ACTIVITY: Within the entries below, every line containing "Pattern" is to be copied.

MATERIAL FOR THIS EXERCISE:
::::::::

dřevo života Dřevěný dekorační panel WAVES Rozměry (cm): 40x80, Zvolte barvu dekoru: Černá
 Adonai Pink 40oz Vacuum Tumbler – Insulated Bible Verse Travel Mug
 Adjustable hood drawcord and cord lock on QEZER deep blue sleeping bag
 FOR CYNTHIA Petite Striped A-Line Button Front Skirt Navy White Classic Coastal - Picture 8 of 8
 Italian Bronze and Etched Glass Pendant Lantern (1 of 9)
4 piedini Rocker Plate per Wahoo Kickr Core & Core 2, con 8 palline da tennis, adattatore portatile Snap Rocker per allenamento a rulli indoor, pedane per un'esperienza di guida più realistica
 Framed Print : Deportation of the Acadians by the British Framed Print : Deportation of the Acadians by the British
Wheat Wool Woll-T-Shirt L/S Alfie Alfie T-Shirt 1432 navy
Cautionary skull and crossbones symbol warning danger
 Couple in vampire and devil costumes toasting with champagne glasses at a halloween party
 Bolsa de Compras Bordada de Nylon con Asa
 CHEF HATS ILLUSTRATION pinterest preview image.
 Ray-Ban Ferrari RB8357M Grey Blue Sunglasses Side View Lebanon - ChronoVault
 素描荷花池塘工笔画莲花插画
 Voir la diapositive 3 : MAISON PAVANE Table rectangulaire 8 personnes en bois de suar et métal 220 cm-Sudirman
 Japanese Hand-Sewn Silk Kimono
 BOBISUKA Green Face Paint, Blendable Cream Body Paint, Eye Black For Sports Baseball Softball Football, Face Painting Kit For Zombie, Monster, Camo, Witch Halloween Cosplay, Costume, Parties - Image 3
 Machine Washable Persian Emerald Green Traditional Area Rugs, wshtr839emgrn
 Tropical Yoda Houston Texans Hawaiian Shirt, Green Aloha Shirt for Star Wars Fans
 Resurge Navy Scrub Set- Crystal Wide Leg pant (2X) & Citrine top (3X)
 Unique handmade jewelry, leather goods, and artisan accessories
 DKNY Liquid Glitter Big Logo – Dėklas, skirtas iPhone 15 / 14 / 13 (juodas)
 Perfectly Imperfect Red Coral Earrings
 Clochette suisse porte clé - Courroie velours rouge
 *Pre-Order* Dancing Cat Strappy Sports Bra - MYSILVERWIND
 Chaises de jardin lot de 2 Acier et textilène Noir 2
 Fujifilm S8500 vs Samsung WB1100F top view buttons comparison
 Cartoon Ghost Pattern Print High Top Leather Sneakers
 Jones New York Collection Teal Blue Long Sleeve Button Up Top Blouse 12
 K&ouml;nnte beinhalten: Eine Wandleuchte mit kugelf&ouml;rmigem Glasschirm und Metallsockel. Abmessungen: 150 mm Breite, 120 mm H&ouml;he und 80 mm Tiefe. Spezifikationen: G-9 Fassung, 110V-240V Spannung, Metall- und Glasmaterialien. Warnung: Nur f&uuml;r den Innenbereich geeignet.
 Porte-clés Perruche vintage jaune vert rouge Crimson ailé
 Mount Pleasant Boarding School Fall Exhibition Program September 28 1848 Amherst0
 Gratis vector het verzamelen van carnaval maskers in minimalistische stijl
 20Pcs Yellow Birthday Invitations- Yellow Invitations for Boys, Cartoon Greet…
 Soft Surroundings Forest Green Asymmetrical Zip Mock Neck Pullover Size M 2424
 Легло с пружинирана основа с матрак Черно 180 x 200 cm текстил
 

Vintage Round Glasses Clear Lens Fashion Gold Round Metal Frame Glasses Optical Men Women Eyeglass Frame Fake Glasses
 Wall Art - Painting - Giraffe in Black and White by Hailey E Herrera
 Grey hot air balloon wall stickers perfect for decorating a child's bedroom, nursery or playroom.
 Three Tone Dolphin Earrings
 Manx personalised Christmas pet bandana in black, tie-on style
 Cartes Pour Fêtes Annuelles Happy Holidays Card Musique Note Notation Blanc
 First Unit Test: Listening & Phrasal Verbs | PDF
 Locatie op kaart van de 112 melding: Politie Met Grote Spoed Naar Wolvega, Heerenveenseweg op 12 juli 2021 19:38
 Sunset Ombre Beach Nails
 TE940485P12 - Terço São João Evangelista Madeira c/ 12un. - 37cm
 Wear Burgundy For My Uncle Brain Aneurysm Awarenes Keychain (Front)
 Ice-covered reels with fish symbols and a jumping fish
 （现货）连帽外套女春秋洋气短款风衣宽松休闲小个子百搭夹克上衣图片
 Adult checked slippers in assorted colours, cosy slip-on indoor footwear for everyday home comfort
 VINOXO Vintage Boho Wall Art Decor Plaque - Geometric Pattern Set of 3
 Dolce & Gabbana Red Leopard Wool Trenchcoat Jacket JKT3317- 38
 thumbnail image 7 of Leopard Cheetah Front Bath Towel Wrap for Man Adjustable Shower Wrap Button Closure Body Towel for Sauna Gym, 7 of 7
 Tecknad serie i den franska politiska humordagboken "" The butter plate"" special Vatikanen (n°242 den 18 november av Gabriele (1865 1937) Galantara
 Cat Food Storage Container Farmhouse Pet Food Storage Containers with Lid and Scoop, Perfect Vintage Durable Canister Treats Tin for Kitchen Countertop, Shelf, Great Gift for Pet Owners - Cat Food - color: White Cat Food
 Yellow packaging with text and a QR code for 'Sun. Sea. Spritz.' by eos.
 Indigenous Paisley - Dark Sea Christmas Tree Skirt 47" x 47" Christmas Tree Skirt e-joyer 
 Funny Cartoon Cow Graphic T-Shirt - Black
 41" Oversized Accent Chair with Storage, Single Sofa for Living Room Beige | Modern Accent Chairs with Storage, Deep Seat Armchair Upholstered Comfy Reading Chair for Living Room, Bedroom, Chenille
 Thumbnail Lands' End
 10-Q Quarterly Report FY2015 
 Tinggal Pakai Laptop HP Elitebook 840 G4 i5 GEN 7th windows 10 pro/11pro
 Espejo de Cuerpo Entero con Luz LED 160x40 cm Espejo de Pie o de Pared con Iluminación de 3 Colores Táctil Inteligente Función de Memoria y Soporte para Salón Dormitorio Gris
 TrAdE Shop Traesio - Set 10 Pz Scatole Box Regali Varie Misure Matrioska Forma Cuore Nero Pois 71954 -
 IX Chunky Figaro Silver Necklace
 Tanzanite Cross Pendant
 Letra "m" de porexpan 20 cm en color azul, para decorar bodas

::::::::

WRITTEN RESPONSE:
 Cartoon Ghost Pattern Print High Top Leather Sneakers
 VINOXO Vintage Boho Wall Art Decor Plaque - Geometric Pattern Set of 3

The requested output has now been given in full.